--- HOW TO COMPLETE THIS TASK ---
Your output should be the lines of the data that follow, reproduced exactly from the first through the line bearing "Cabo HDMI 5".

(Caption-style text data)
= = = = =

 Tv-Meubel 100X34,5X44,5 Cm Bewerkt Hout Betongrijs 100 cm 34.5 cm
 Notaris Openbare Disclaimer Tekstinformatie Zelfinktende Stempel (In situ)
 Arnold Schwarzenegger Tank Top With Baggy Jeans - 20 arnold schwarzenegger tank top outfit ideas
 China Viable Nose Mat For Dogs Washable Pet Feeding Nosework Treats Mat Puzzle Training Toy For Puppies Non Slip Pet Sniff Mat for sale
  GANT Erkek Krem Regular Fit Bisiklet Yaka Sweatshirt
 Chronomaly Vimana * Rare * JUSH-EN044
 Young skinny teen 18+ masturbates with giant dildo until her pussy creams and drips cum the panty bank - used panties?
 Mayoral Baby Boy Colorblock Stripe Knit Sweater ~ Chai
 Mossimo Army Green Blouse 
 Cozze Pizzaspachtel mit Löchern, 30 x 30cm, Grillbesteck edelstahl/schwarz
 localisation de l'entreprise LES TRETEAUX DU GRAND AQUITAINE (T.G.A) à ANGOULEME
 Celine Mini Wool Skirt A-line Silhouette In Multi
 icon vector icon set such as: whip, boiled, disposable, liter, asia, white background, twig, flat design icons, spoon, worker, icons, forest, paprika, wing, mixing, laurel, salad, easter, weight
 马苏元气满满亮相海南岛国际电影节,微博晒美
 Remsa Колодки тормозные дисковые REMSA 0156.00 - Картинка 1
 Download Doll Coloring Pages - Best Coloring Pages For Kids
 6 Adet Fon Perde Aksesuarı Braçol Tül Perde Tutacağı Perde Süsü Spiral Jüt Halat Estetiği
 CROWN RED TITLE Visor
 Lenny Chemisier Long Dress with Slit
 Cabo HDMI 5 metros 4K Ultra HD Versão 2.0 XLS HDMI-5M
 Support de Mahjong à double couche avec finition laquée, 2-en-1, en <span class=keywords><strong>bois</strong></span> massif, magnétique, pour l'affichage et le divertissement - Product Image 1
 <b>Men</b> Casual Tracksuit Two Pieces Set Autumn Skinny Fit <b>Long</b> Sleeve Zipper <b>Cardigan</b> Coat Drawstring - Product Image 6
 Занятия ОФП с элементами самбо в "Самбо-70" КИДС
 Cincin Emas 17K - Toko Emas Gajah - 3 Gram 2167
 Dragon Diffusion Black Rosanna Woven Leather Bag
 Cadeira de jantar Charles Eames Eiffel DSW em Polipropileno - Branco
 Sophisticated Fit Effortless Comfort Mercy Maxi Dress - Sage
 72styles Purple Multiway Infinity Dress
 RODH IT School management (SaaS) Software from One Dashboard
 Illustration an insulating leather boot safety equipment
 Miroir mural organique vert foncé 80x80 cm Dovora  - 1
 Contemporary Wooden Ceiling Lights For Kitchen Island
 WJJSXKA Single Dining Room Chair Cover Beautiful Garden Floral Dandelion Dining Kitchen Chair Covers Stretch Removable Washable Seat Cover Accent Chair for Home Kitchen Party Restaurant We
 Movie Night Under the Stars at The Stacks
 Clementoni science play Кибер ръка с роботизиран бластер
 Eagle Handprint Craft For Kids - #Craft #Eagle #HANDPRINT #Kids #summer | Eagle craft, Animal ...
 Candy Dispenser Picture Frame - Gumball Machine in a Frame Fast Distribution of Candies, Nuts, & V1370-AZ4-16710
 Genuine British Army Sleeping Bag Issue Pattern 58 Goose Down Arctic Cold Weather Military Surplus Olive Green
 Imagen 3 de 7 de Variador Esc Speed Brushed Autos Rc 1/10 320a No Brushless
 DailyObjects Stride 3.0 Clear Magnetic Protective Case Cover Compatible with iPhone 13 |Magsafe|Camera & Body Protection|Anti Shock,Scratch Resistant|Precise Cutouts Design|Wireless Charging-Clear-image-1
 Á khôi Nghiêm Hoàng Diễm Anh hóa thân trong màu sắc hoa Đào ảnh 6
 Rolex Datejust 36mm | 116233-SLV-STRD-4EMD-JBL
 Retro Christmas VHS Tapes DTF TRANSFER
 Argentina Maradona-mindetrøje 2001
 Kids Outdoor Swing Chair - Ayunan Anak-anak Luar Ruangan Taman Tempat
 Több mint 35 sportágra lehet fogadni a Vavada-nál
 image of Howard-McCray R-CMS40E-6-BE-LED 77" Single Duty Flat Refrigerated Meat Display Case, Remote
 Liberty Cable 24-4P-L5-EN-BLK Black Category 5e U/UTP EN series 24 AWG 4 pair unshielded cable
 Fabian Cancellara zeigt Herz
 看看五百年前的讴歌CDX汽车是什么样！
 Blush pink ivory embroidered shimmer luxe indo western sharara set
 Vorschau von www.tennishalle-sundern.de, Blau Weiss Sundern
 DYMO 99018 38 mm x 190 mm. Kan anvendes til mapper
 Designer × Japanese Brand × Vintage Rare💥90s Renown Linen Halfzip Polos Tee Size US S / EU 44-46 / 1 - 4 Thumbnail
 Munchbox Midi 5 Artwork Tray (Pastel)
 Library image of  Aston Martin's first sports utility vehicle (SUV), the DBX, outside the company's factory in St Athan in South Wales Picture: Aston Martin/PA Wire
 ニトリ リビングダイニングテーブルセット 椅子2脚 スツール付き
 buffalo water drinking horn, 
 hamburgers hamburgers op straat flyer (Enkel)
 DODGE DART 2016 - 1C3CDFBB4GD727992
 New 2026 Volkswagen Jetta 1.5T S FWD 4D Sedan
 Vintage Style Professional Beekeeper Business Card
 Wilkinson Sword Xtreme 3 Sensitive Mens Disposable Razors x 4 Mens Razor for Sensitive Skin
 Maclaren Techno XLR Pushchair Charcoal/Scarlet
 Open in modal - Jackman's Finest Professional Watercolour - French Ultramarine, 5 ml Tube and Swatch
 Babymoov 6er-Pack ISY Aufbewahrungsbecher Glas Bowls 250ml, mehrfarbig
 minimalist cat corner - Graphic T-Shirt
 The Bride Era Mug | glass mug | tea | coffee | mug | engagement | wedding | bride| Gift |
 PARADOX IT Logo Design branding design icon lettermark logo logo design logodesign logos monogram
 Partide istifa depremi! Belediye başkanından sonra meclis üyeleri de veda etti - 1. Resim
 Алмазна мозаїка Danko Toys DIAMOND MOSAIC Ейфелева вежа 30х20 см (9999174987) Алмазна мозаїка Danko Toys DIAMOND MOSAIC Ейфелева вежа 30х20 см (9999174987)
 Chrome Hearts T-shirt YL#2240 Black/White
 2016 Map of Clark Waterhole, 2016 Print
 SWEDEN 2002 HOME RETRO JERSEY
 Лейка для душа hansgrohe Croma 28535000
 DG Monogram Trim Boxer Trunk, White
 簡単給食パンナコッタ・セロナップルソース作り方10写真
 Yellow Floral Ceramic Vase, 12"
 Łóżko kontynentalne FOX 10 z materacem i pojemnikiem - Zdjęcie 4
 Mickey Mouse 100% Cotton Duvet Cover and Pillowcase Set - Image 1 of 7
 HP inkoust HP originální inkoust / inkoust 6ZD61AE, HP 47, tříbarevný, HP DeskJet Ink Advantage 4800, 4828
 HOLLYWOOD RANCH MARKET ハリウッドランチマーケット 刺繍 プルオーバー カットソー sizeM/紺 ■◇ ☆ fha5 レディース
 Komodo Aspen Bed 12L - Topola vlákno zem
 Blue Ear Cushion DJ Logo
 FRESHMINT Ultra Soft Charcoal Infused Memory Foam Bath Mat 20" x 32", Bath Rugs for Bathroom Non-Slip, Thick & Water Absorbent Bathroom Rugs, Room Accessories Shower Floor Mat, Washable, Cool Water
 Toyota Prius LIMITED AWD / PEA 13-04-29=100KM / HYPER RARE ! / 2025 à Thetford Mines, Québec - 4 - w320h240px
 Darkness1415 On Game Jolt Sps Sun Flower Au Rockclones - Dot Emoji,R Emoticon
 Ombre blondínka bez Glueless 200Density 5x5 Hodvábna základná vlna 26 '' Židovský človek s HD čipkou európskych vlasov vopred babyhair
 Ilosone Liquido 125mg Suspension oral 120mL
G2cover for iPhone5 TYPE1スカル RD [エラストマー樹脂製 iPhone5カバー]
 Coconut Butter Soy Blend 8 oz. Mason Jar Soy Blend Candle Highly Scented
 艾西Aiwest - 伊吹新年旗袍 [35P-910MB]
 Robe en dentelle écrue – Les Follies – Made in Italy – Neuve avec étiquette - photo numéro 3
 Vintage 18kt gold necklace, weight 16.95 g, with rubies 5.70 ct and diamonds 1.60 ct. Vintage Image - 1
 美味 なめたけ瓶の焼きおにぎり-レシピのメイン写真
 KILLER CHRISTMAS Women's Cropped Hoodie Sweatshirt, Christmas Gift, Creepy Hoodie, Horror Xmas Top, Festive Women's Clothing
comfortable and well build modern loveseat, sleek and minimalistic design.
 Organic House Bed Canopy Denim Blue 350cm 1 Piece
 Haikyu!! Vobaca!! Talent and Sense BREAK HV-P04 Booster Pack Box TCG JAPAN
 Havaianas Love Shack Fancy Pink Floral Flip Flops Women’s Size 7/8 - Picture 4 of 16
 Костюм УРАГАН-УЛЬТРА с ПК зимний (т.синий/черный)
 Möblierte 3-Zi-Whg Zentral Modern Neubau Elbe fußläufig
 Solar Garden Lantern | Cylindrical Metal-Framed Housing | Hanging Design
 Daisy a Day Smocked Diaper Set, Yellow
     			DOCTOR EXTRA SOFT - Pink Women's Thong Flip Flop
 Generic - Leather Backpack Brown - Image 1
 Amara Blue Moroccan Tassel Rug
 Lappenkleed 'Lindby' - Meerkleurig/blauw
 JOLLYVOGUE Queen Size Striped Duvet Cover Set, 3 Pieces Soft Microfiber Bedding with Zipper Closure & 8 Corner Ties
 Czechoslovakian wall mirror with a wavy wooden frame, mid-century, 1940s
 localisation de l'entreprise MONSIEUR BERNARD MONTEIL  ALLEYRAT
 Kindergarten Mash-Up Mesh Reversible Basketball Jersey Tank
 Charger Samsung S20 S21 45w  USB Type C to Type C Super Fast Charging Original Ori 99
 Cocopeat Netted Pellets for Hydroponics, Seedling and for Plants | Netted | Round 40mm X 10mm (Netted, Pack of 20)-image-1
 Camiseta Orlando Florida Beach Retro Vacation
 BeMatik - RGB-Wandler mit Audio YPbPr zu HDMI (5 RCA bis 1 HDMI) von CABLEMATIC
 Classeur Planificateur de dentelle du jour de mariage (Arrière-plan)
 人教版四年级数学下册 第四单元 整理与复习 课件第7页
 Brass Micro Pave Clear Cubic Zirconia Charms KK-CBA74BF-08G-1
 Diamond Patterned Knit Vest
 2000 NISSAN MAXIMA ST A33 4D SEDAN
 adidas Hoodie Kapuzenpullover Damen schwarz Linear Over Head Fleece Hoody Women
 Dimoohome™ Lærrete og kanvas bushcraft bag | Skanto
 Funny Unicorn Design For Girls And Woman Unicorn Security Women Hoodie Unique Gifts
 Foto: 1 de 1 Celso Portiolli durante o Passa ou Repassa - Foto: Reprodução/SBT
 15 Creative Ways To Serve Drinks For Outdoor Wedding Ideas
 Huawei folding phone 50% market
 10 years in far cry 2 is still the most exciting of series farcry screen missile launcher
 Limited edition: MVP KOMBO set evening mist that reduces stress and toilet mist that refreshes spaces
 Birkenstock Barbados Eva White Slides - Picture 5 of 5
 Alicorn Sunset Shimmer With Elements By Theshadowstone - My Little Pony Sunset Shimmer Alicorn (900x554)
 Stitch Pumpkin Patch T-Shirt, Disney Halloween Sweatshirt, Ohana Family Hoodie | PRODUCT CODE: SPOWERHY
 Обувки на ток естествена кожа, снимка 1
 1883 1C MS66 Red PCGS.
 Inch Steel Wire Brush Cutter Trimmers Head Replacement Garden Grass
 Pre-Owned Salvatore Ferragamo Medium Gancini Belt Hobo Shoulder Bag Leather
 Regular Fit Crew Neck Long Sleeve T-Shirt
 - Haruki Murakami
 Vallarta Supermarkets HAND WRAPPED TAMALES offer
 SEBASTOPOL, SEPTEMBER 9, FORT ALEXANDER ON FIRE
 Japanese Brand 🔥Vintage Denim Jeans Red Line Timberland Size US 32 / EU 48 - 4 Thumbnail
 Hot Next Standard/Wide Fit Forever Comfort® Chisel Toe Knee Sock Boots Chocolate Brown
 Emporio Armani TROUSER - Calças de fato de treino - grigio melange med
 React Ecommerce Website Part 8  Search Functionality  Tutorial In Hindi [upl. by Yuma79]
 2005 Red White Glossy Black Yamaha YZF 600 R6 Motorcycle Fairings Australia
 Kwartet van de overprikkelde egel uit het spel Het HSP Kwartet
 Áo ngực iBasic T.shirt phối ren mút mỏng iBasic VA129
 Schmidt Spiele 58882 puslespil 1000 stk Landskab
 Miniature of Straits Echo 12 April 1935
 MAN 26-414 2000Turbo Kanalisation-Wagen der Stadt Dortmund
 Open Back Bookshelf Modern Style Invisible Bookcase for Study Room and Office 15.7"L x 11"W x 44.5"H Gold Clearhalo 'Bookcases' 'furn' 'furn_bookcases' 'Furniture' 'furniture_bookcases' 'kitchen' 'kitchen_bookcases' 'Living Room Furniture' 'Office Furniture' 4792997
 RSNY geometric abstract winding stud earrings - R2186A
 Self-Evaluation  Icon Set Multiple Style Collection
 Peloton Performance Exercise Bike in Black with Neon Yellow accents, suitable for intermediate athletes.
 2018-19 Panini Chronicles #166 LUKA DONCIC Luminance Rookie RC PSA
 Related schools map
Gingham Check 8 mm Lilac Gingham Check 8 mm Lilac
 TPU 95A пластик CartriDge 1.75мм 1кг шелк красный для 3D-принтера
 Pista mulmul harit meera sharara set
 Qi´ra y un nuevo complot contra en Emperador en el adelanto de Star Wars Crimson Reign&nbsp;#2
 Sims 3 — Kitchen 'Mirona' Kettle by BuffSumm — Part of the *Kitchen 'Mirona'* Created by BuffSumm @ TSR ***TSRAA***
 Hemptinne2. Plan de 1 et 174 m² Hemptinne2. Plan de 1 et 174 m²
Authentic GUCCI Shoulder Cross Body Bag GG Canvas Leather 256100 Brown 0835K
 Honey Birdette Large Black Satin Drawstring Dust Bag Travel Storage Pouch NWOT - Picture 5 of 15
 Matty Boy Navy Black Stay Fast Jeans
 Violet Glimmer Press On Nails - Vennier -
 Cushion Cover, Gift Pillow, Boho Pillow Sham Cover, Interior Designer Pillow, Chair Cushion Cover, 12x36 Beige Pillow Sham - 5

= = = = =

--- WRITTEN ANSWER ---
 Tv-Meubel 100X34,5X44,5 Cm Bewerkt Hout Betongrijs 100 cm 34.5 cm
 Notaris Openbare Disclaimer Tekstinformatie Zelfinktende Stempel (In situ)
 Arnold Schwarzenegger Tank Top With Baggy Jeans - 20 arnold schwarzenegger tank top outfit ideas
 China Viable Nose Mat For Dogs Washable Pet Feeding Nosework Treats Mat Puzzle Training Toy For Puppies Non Slip Pet Sniff Mat for sale
  GANT Erkek Krem Regular Fit Bisiklet Yaka Sweatshirt
 Chronomaly Vimana * Rare * JUSH-EN044
 Young skinny teen 18+ masturbates with giant dildo until her pussy creams and drips cum the panty bank - used panties?
 Mayoral Baby Boy Colorblock Stripe Knit Sweater ~ Chai
 Mossimo Army Green Blouse 
 Cozze Pizzaspachtel mit Löchern, 30 x 30cm, Grillbesteck edelstahl/schwarz
 localisation de l'entreprise LES TRETEAUX DU GRAND AQUITAINE (T.G.A) à ANGOULEME
 Celine Mini Wool Skirt A-line Silhouette In Multi
 icon vector icon set such as: whip, boiled, disposable, liter, asia, white background, twig, flat design icons, spoon, worker, icons, forest, paprika, wing, mixing, laurel, salad, easter, weight
 马苏元气满满亮相海南岛国际电影节,微博晒美
 Remsa Колодки тормозные дисковые REMSA 0156.00 - Картинка 1
 Download Doll Coloring Pages - Best Coloring Pages For Kids
 6 Adet Fon Perde Aksesuarı Braçol Tül Perde Tutacağı Perde Süsü Spiral Jüt Halat Estetiği
 CROWN RED TITLE Visor
 Lenny Chemisier Long Dress with Slit
 Cabo HDMI 5 metros 4K Ultra HD Versão 2.0 XLS HDMI-5M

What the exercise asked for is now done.